◆ PROBLEM ◆
Can you transcribe the data exactly? Leave the pictures out.

--- DATA SHOWN Enclosed Below ---

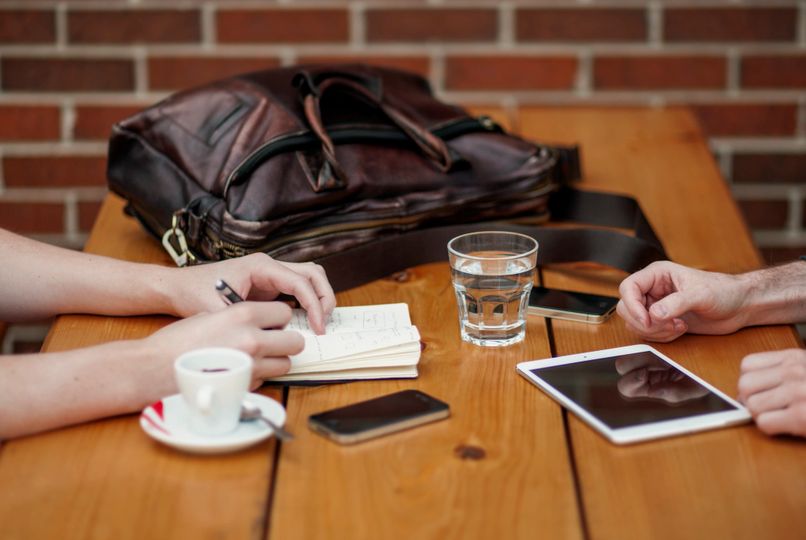 Business owner reviewing plans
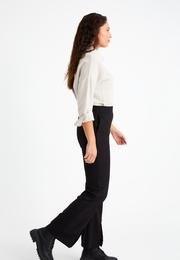  Ecrou Kadın Siyah Ön Paçası Yırtmaçlı Beli Lastikli Pantolon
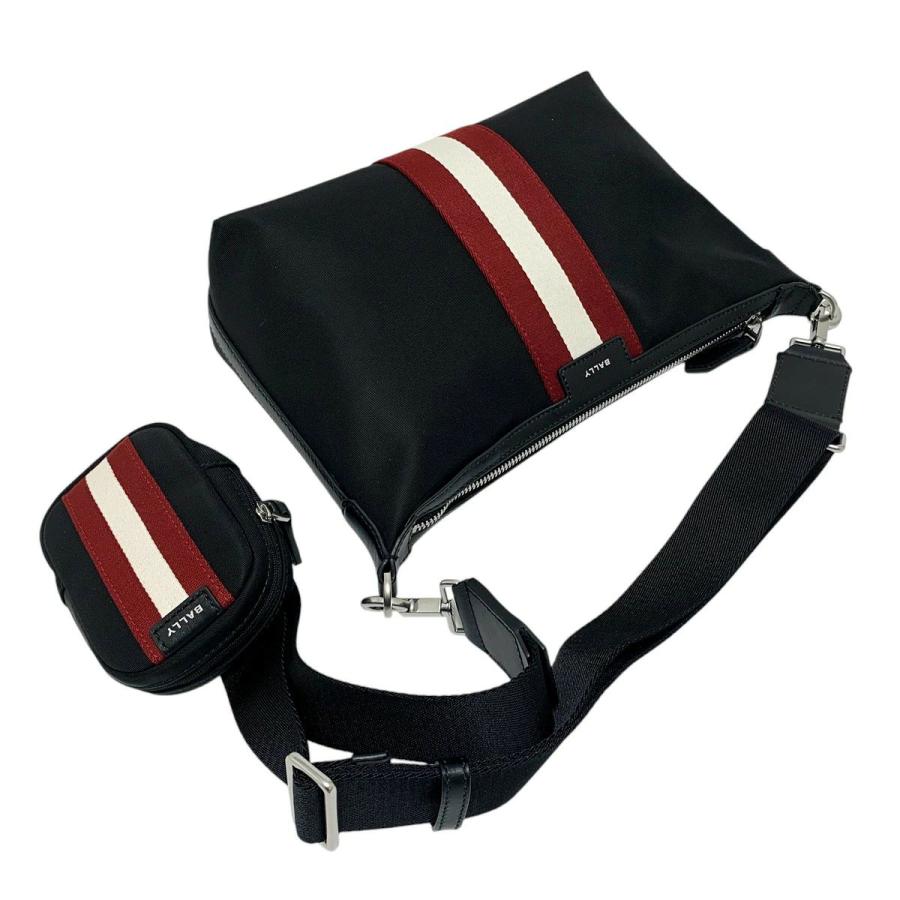 バリー BALLY コード ナイロン クロスボディバッグ ショルダーバッグ リボンモチーフ カジュアル ブラック [メンズ] CODE CARRY U901P 6311760の画像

--- End of Enclosed DATA SHOWN ---

◆ ANSWER BOX ◆
 Business owner reviewing plans
  Ecrou Kadın Siyah Ön Paçası Yırtmaçlı Beli Lastikli Pantolon
 バリー BALLY コード ナイロン クロスボディバッグ ショルダーバッグ リボンモチーフ カジュアル ブラック [メンズ] CODE CARRY U901P 6311760の画像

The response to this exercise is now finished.